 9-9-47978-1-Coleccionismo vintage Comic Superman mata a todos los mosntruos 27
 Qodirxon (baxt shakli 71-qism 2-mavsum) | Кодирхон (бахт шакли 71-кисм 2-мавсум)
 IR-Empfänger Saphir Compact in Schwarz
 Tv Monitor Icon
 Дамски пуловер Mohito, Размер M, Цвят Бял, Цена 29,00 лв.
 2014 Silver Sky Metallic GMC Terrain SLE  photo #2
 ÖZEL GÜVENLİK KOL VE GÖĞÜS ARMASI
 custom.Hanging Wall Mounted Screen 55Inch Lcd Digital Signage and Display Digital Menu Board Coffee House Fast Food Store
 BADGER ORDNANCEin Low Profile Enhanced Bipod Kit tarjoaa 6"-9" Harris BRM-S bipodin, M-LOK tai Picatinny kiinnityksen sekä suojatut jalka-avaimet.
----------
• What to work on
Set each line down exactly, starting with the one that contains "Tv Monitor Icon" and ending with the last line of the listing; add nothing else.

• Answer section
 Tv Monitor Icon
 Дамски пуловер Mohito, Размер M, Цвят Бял, Цена 29,00 лв.
 2014 Silver Sky Metallic GMC Terrain SLE  photo #2
 ÖZEL GÜVENLİK KOL VE GÖĞÜS ARMASI
 custom.Hanging Wall Mounted Screen 55Inch Lcd Digital Signage and Display Digital Menu Board Coffee House Fast Food Store
 BADGER ORDNANCEin Low Profile Enhanced Bipod Kit tarjoaa 6"-9" Harris BRM-S bipodin, M-LOK tai Picatinny kiinnityksen sekä suojatut jalka-avaimet.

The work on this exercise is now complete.